Would it be allowable to multiple through by a -1 and then swap cd and ef to obtain:
$\displaystyle \frac{ef-cd}{df}\rightarrow\frac{e}{f}-\frac{c}{d}$?
Transitive:
$\displaystyle a\sim b, b\sim c$, then $\displaystyle a\sim c$
$\displaystyle c=\frac{g}{h}$
$\displaystyle \frac{c}{d}-\frac{e}{f}$
$\displaystyle \frac{e}{f}-\frac{g}{h}$

$\displaystyle \frac{c}{d}-\frac{g}{h}\rightarrow\frac{ch-gd}{dh}\in\mathbb{Q}$ $\displaystyle a\sim c$

Equivalence class of $\displaystyle \sqrt{2}$ and a
$\displaystyle [\sqrt{2}]=(x\in\mathbb{R}|x\sim\sqrt{2})$
$\displaystyle x=\frac{a}{b}$ and $\displaystyle a,b\in\mathbb{Z}$
$\displaystyle [\sqrt{2}]=(x\in\mathbb{R}|\frac{a}{b}+\sqrt{2}\sim\sqrt{2}$
Correct?

7. The sum of two rationals is rational.
So it is transitive.
Way to go!

8. What about what I did for symmetric?

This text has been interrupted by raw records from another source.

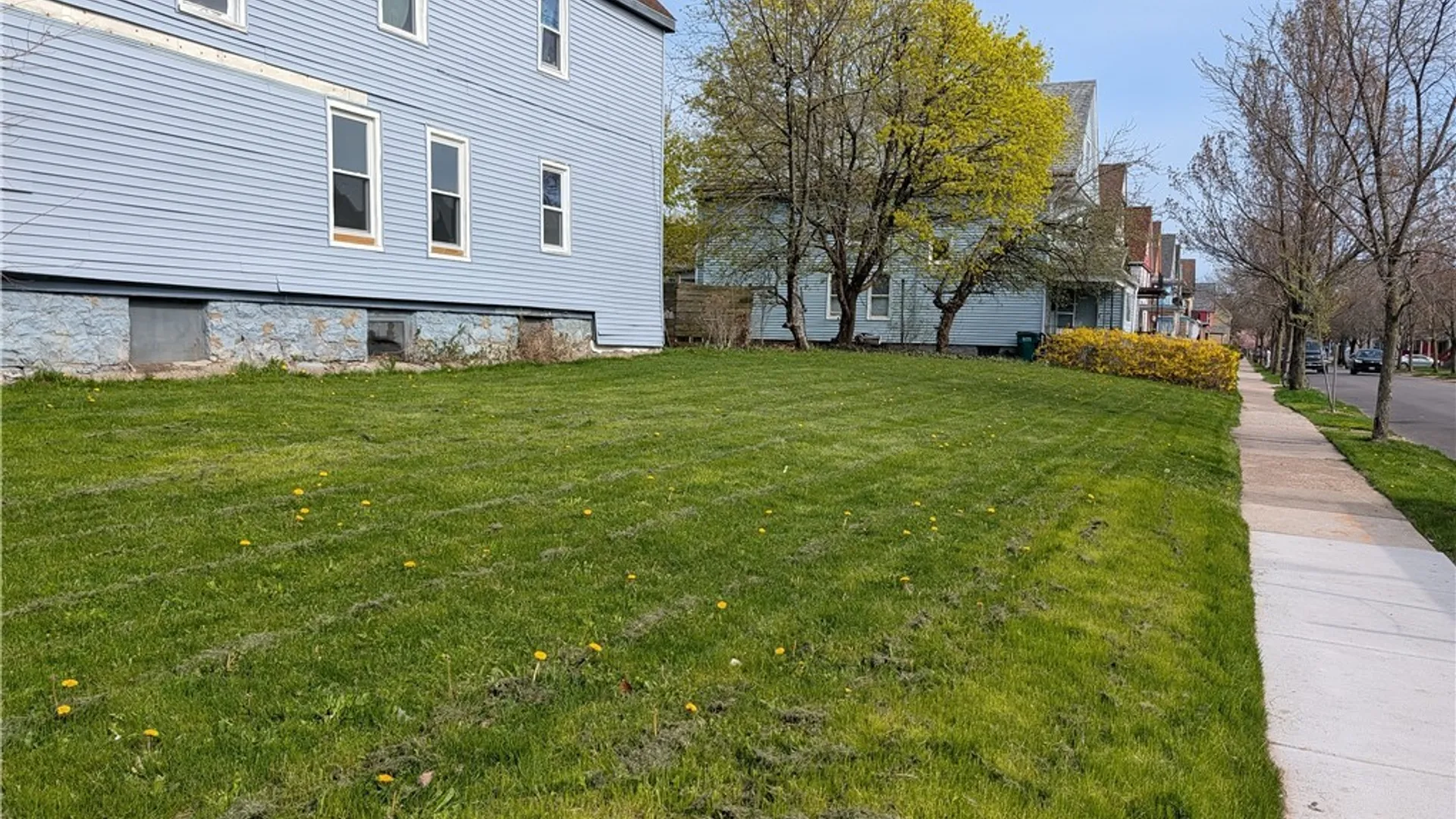 Property at 393 Hampshire Street, Buffalo, NY 14213 3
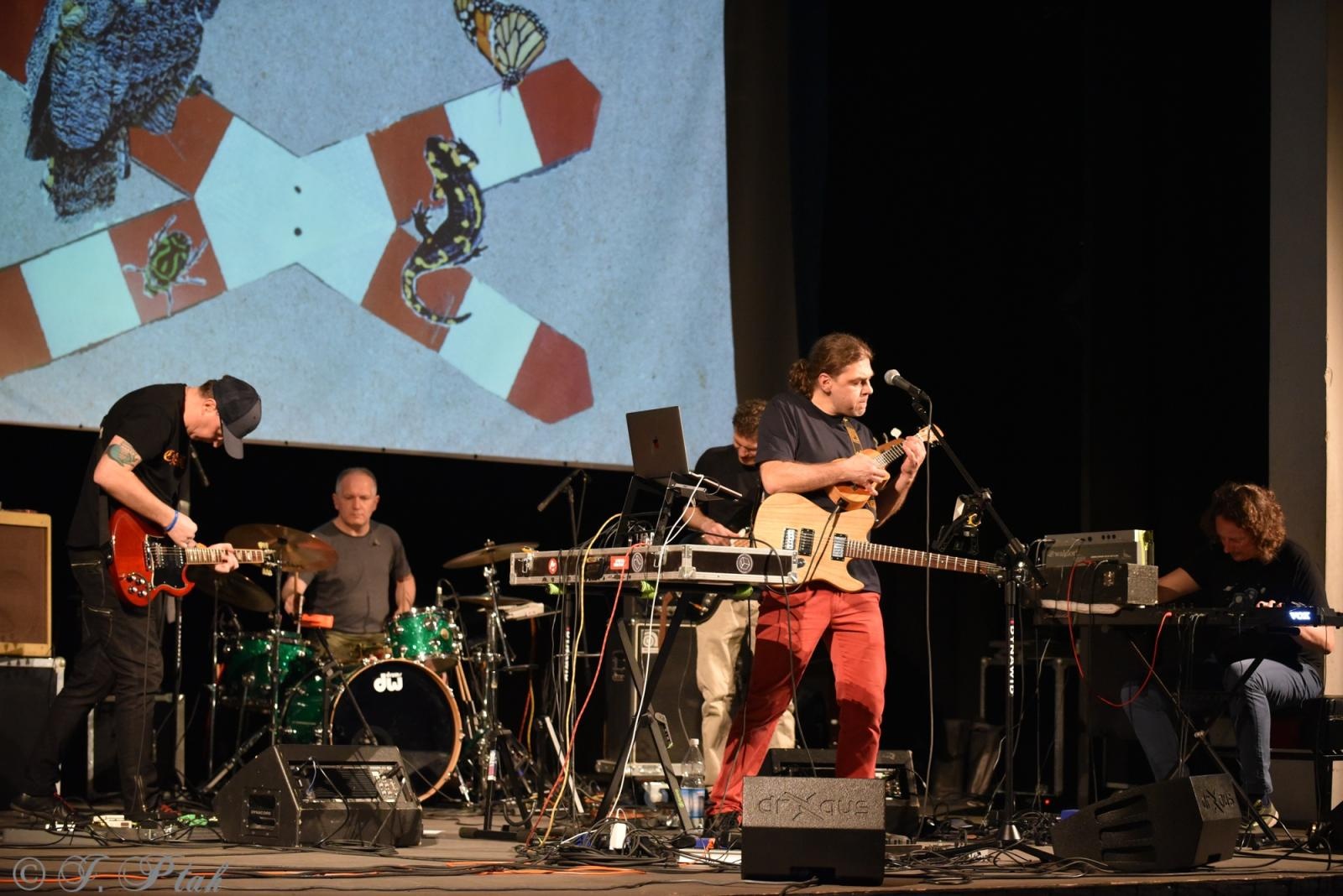 Zdjęcie w galerii na portalu naszraciborz.pl: The Band of Endless Noise. Koncert w Strzesze wiadomości z regionu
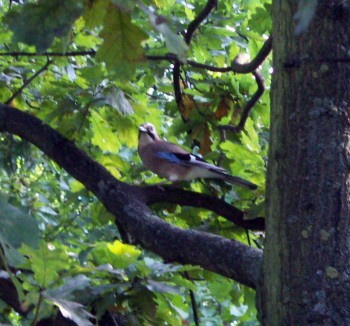 Eurasian Jay (Garrulus glandarius)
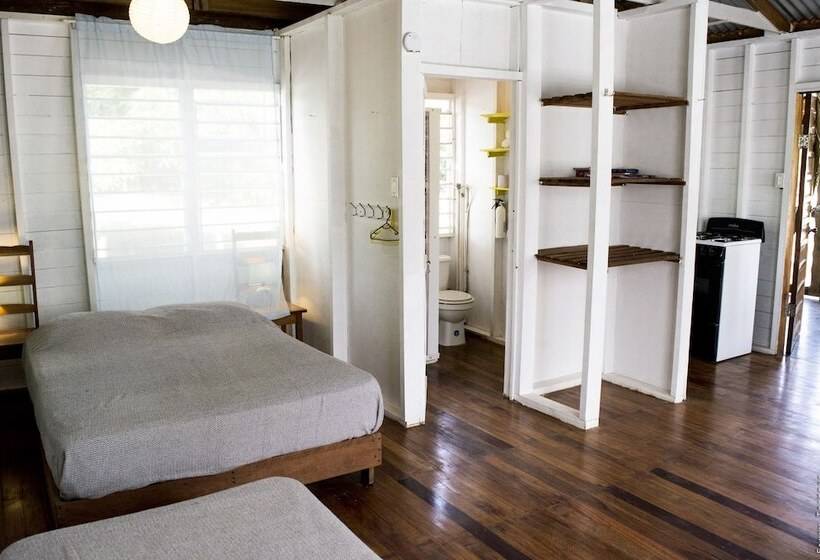 فندق صغير Backpackers Paradise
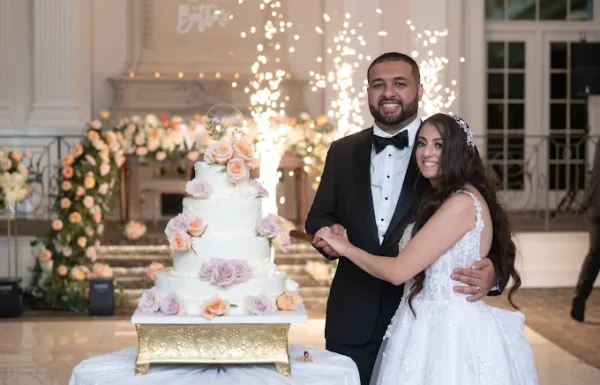 Mansi Studios Gallery 0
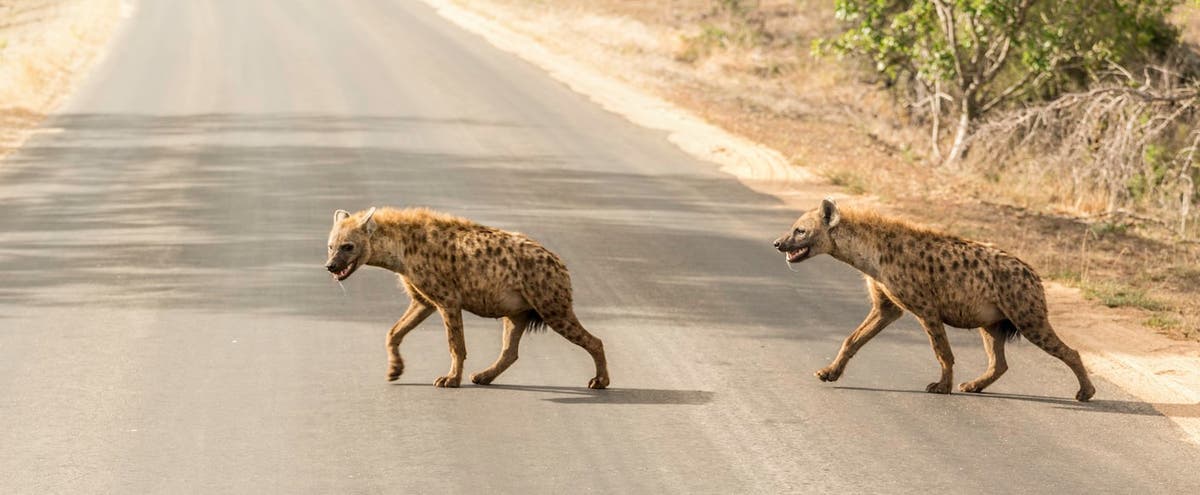 Zimbabwean livestock keepers battle two enemies to protect their herds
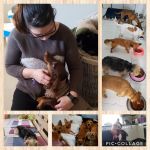 Yolanda Gomez, Pet sitter in Ourense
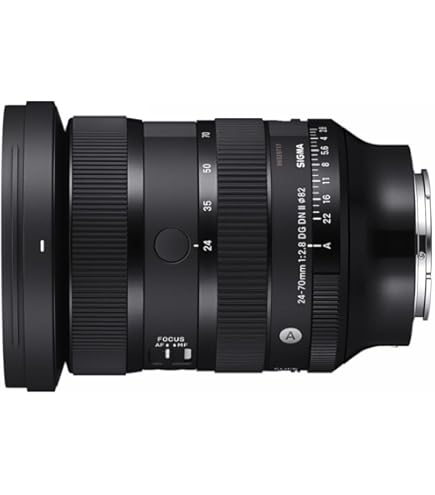 TAMRON 28-75mm F2.8 A036SF ソニーE用 ♯1277 TAMRON 28-75mm F2.8 RXD A036SF Lens for Sony-FE : Amazon.sg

Is that legal?

9. Originally Posted by dwsmith
What about what I did for symmetric? Is that legal?
Of good grief, come on THINK.
If $\displaystyle r\in \mathbb{Q}$ then $\displaystyle -r\in \mathbb{Q}$

10. Originally Posted by dwsmith
Symmetric:
$\displaystyle a\sim b$, then $\displaystyle b\sim a$
Since $\displaystyle a,b\sim\mathbb{Q}$, then a and b can expressed as $\displaystyle a=\frac{c}{d}$ and $\displaystyle b=\frac{e}{f}$

$\displaystyle \frac{c}{d}-\frac{e}{f}\rightarrow \frac{cf-de}{df}$

How can I get than in the form of $\displaystyle \frac{e}{f}-\frac{c}{d}$?

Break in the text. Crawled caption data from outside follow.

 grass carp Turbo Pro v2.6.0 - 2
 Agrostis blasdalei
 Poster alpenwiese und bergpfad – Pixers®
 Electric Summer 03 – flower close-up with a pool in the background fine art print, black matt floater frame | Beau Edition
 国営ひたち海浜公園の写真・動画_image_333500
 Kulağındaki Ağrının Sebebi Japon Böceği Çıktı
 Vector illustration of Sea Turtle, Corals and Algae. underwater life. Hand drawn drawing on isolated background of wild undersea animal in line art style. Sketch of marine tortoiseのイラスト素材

Would it be allowable to multiple through by a -1 and then swap cd and ef to obtain:
$\displaystyle \frac{ef-cd}{df}\rightarrow\frac{e}{f}-\frac{c}{d}$?
If $\displaystyle a,b \in \mathbb{Z}$ and $\displaystyle a \sim b$ it means, by definition, that $\displaystyle \exists \ m,n \in \mathbb{Z}, \ n \neq 0,$ such that $\displaystyle a - b = \frac{m}{n} \in \mathbb{Q}$. What can you say about $\displaystyle b-a$ then?

Your proofs for symmetry and transitivity are both incorrect -- $\displaystyle a \sim b$ means that $\displaystyle a-b \in \mathbb{Q}$, but that doesn't necessarily mean that $\displaystyle a, b \in \mathbb{Q}$ -- take, for example, $\displaystyle a = \pi - 1, b = \pi$...

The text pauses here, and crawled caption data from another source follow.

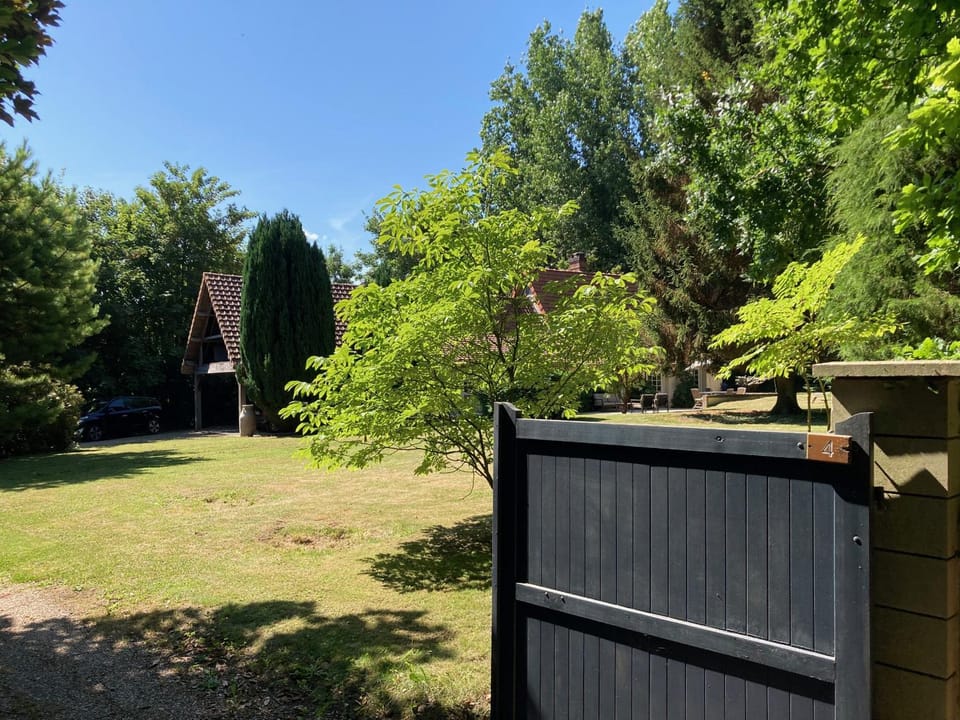 Patio, Garden, Garden view
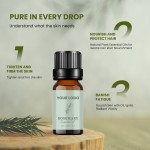 Essential Oil Factory - MULAN Organic Rosemary Natural Moisturizing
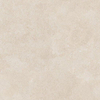 Ceralto Inlay Uno Vloertegel - 59.8x59.8cm - 9.0mm - gerectificeerd - Light beige SW497681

11. Originally Posted by Defunkt
If $\displaystyle a,b \in \mathbb{Z}$ and $\displaystyle a \sim b$ it means, by definition, that $\displaystyle \exists \ m,n \in \mathbb{Z}, \ n \neq 0,$ such that $\displaystyle a - b = \frac{m}{n} \in \mathbb{Q}$. What can you say about $\displaystyle b-a$ then?

Your proofs for symmetry and transitivity are both incorrect -- $\displaystyle a \sim b$ means that $\displaystyle a-b \in \mathbb{Q}$, but that doesn't necessarily mean that $\displaystyle a, b \in \mathbb{Q}$ -- take, for example, $\displaystyle a = \pi - 1, b = \pi$...
I understand what you mean; however, I am not sure on how to show it if what I have done is incorrect.

12. For symmetry you only have to notice what Plato said - if $\displaystyle r \in \mathbb{Q}$ then $\displaystyle -r \in \mathbb{Q}$.

For transitivity, again, as Plato said -- the sum of two rationals is rational. How can you express $\displaystyle a-c$ in terms of two numbers you know are rational?